Data excerpts:
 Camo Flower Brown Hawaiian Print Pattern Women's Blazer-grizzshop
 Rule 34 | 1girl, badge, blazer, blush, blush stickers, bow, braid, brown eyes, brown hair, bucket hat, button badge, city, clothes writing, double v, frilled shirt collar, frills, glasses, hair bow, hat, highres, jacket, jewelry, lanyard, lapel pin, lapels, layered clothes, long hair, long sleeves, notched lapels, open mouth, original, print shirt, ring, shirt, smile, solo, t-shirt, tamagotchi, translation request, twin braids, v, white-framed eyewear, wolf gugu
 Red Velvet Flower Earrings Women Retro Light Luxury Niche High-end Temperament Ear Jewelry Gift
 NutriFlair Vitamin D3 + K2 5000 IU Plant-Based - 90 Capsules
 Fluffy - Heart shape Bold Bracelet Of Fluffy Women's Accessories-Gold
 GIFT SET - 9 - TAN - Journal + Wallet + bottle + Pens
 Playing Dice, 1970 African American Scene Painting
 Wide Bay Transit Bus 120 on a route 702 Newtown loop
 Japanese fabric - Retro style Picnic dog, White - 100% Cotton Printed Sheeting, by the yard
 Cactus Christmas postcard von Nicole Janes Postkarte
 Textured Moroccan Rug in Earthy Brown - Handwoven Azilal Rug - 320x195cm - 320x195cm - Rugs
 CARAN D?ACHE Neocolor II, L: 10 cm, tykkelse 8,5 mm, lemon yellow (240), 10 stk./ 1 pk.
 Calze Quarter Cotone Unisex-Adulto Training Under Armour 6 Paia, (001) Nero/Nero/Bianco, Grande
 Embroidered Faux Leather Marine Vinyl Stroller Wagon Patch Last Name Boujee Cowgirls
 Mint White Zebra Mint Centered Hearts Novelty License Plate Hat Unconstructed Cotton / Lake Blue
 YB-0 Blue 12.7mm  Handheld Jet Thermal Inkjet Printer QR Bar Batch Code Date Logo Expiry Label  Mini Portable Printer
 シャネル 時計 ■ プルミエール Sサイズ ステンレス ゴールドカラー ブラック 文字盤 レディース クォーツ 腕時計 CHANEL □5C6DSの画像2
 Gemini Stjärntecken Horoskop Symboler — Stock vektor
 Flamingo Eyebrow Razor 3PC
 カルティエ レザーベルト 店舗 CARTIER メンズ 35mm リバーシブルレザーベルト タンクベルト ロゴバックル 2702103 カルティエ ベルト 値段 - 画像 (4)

◆ WHAT TO PRODUCE ◆
Nothing but a number is asked for: how many lines of the records contain the word "Retro"?

◆ EXERCISE RESULT ◆
2